Another was learning about other countries’ different legal systems from the Bank’s lawyers.
“Through a colleague who doubles as the head of the Anti-Corruption section of the American Bar Association, I also got to attend fireside-style chats with the head of the main French and Swedish anti-corruption agencies, and even MC’d an event with my South Korean prosecutor colleague, where he explained the ins-and-outs of Korean anti-corruption law.”
Nick says the ANU/World Bank Scholarship – applications for which close on 17 March – is a remarkable opportunity for young law students.
“We really are privileged to be able to experience work at an international institution as undergraduates, and what’s more, ANU alum Matt Harvey — who helped set up and continues to invest so much of his time and energy into the program — ensures we are exposed to the full richness and variety of work that INT engages in,” Nick says.
“I think one of the most important aspects of the scholarship is also that it has been designed to be as accessible as possible to students regardless of socio-economic means.
“The College generously supports you to live and work in DC, and this opens many doorways that might otherwise be out of reach for financial reasons. A lot of opportunities and avenues for entry into the Bank and other international organisations can be structurally biased towards those who are able to self-fund unpaid internships, or who are just better positioned because of geography or personal connections to access these pathways.
“The financial and logistical support that the College provides is really commendable because it opens up a channel for young Australian lawyers-to-be to overcome those barriers and gain a foothold in international legal work.
“I just want to express thanks to the College, INT, Matt Harvey, Jo Ford, and everyone who has been instrumental in keeping the ANU/World Bank Scholarship flourishing.
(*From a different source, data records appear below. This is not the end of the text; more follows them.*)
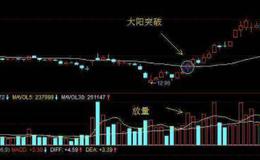 什么是期望理论（prospect theory）？主要内容包括哪些？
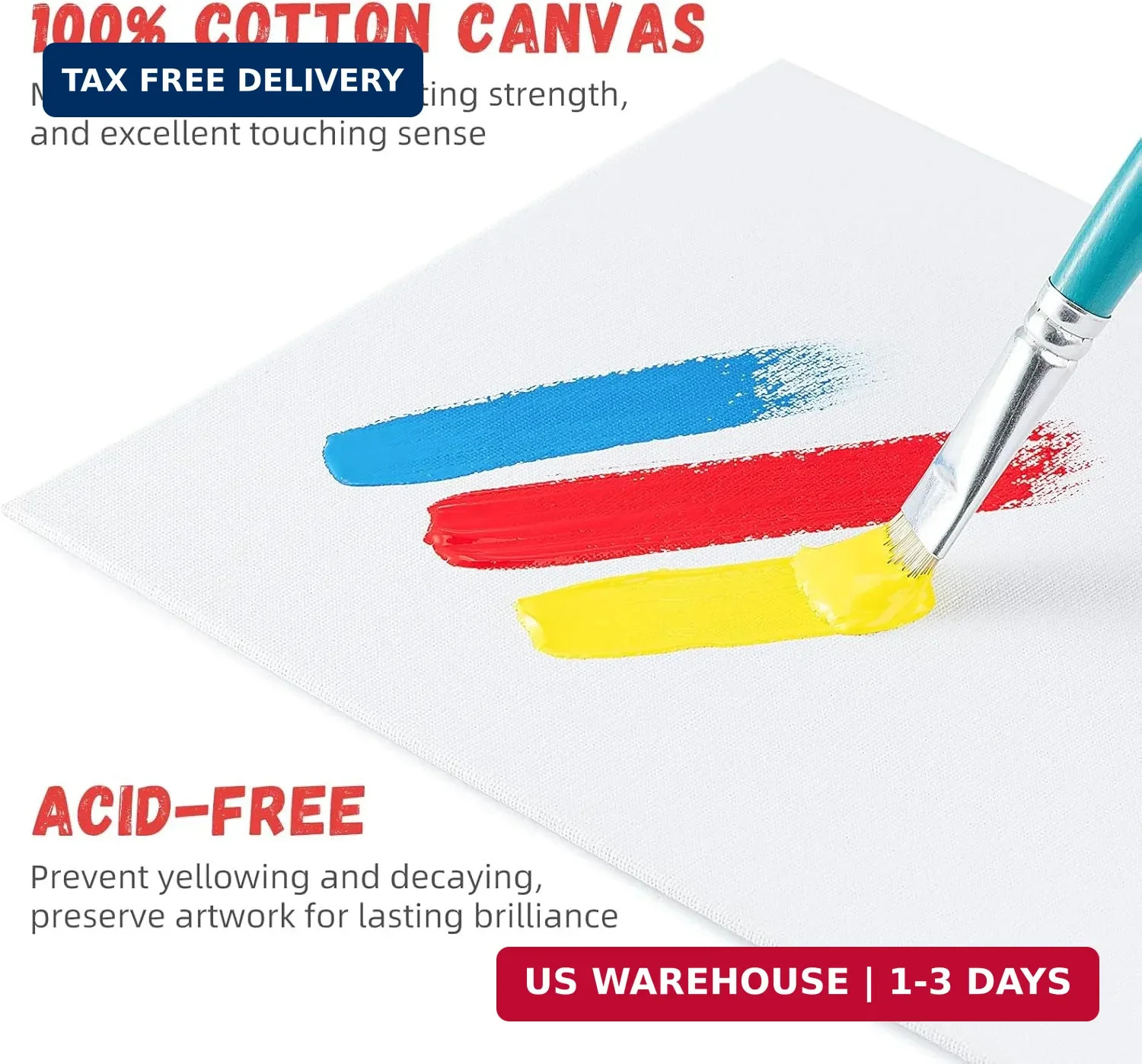 Simetufy 12 Pack 8×10 Canvas Boards for Painting, Blank Flat Canvas Panels Art P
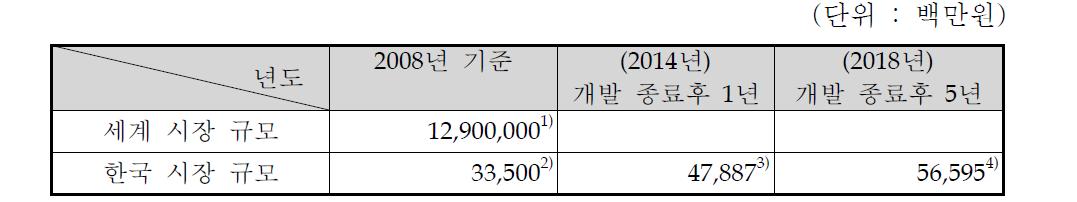 국내외 시장 규모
“It’s a really exciting time to be a Law student at ANU, with so many more doorways opening up for overseas opportunities. Part of me wishes that I could be a first-year again, but on the whole, I’m glad I chose to move down from Brisbane all those years ago and enrol in ANU Law. It’s amazing where an ANU Law degree can take you.”
It’s taking Nick to Hong Kong in April, where he’s starting as a graduate with King & Wood Mallesons. He’ll be training to be a Hong Kong-registered lawyer, and has begun his Graduate Diploma of Legal Practice (GDLP).